L’effet suspensif requis est par conséquent rejeté pour les pensions courantes et futures, à savoir dès le 1er août 2026, le requérant n’établissant aucunement que leur paiement le mettrait en difficultés financières.

4.2.3 L’effet suspensif doit cependant être admis en ce qui concerne l’arriéré des contributions d’entretien échues jusqu’au 31 juillet 2026. Cet arriéré ne constitue qu’une dette et il n’est pas vraisemblable qu’il serait nécessaire à la couverture des besoins de l’enfant et de l’intimée.

Par conséquent et sans préjuger le fond du litige, l’intérêt du requérant à ce que l’exécution de l’ordonnance litigieuse soit suspendue jusqu’à droit connu sur l’appel l’emporte sur celui de l’intimée à obtenir immédiatement le versement de l’arriéré des pensions litigieuses.

5. En définitive, la requête d’effet suspensif doit être partiellement admise, dans la mesure où elle est recevable, en ce sens que l’exécution des chiffre V et VI du dispositif de l’ordonnance entreprise est suspendue jusqu’à droit connu sur l’appel en ce qui concerne les contributions d’entretien échues au 31 juillet 2026.
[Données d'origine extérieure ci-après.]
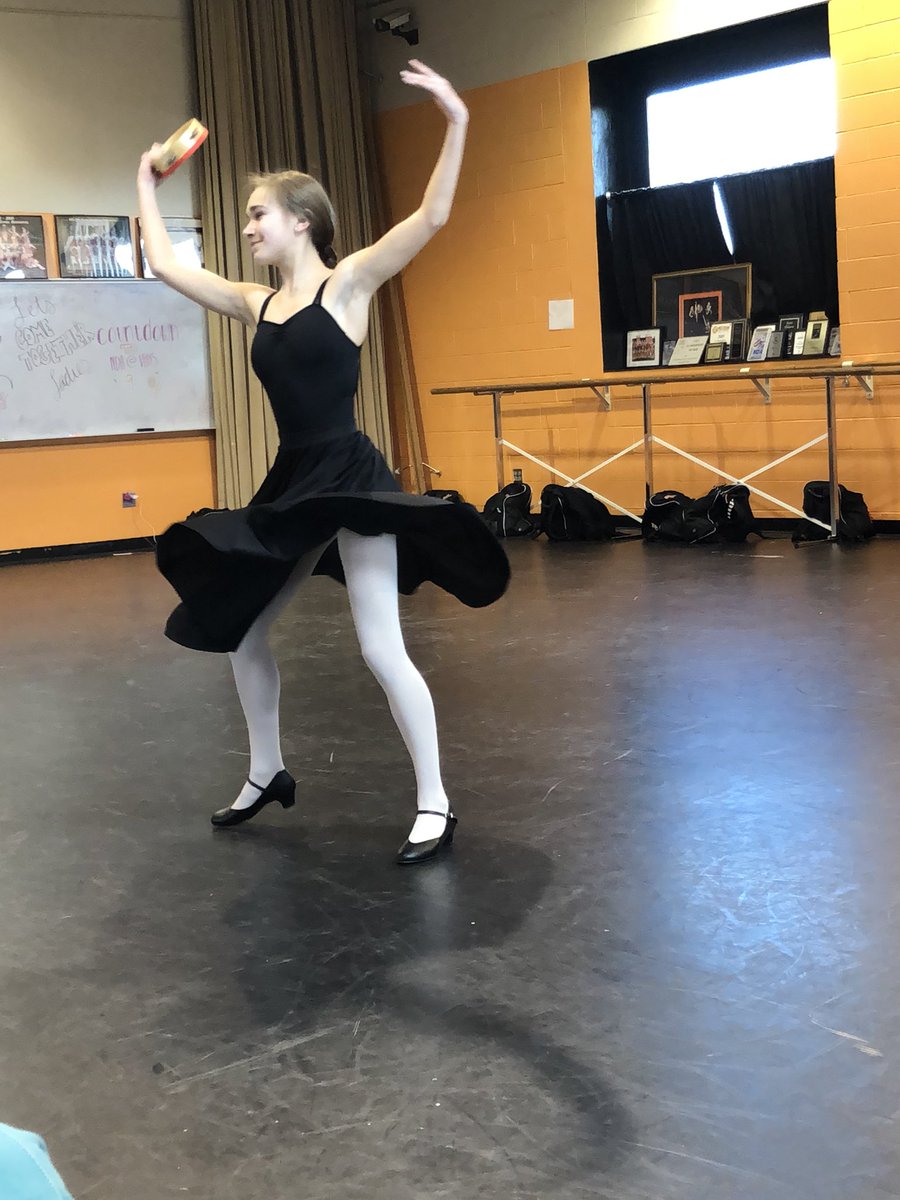 hooverdance1's tweet photo. Today in Cultural Dance Project presentations: Columbia &amp; Italy! #HooverPride https://t.co/bXBWeyCwLx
Il sera statué sur les frais judiciaires et les dépens dans le cadre de l’arrêt sur appel à intervenir (cf. art. 104 al. 3 CPC).

Dispositif

Par ces motifs, la Juge unique de la Cour d’appel civile, prononce :

I.

La requête d’effet suspensif est partiellement admise, dans la mesure où elle est recevable.

II.

L’exécution des chiffres V et VI du dispositif de l’ordonnance de mesures protectrices de l’union conjugale rendue le 2 juillet 2026 par la Présidente du Tribunal civil de l’arrondissement de l’Est vaudois est suspendue jusqu’à droit connu sur l’appel en ce qui concerne les contributions d’entretien échues au 31 juillet 2026.

III.

Il sera statué sur les frais judiciaires et les dépens de la présente ordonnance dans le cadre de l’arrêt sur appel à intervenir.

La juge unique : Le greffier :

Du

La présente ordonnance, dont la rédaction a été approuvée à huis clos, est notifiée à :

  • Me Damien Hottelier (pour B.________),

  • Me Henriette Dénéréaz Luisier (pour C.________), et communiqué, par l'envoi de photocopies, à :

- Mme la Présidente du Tribunal civil de l’arrondissement de l’Est vaudois.
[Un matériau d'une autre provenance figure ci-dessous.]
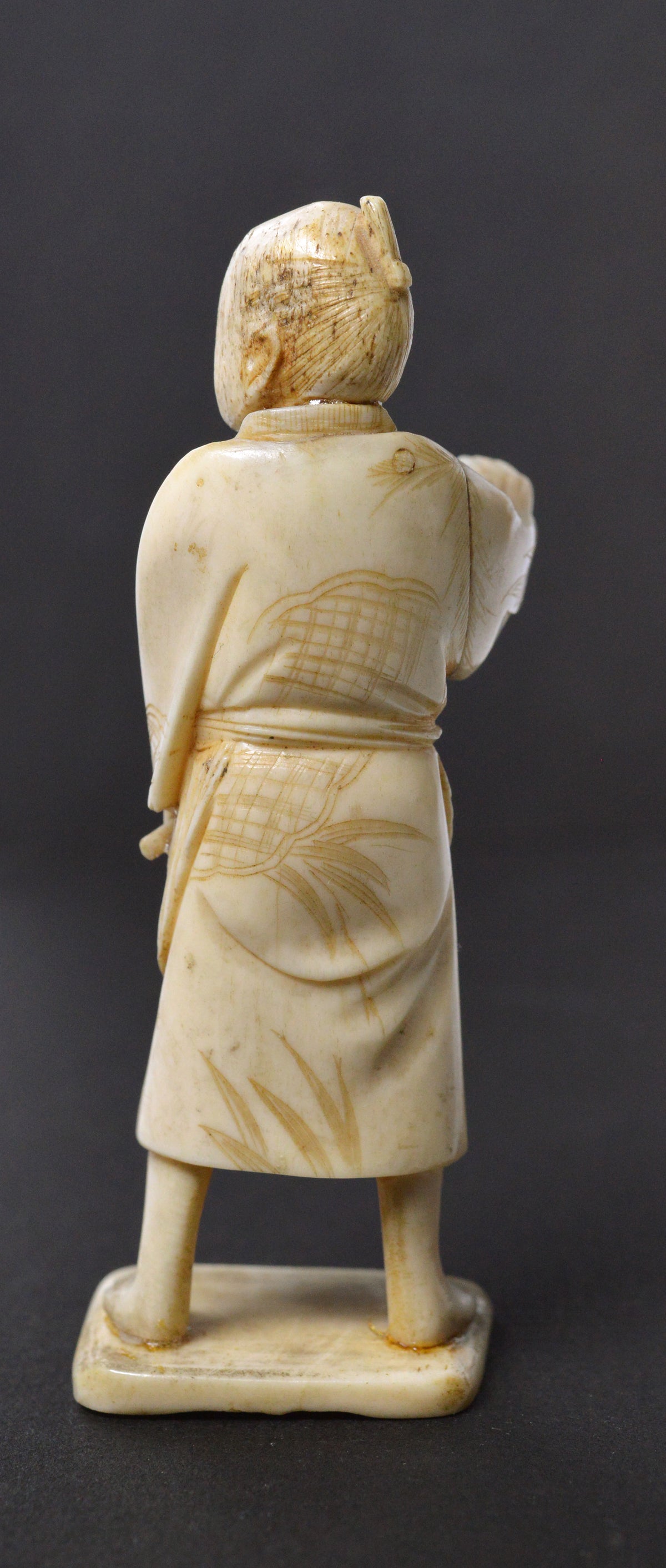 Antique Japanese Meiji Okimono hand ivory figurine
La présente ordonnance peut faire l'objet d'un recours en matière civile devant le Tribunal fédéral au sens des art. 72 ss LTF (loi du 17 juin 2005 sur le Tribunal fédéral ; RS 173.110), le cas échéant d'un recours constitutionnel subsidiaire au sens des art. 113 ss LTF. Dans les affaires pécuniaires, le recours en matière civile n'est recevable que si la valeur litigieuse s'élève au moins à 15'000 fr. en matière de droit du travail et de droit du bail à loyer, à 30'000 fr. dans les autres cas, à moins que la contestation ne soulève une question juridique de principe (art. 74 LTF). Ces recours doivent être déposés devant le Tribunal fédéral dans les trente jours qui suivent la présente notification (art. 100 al. 1 LTF).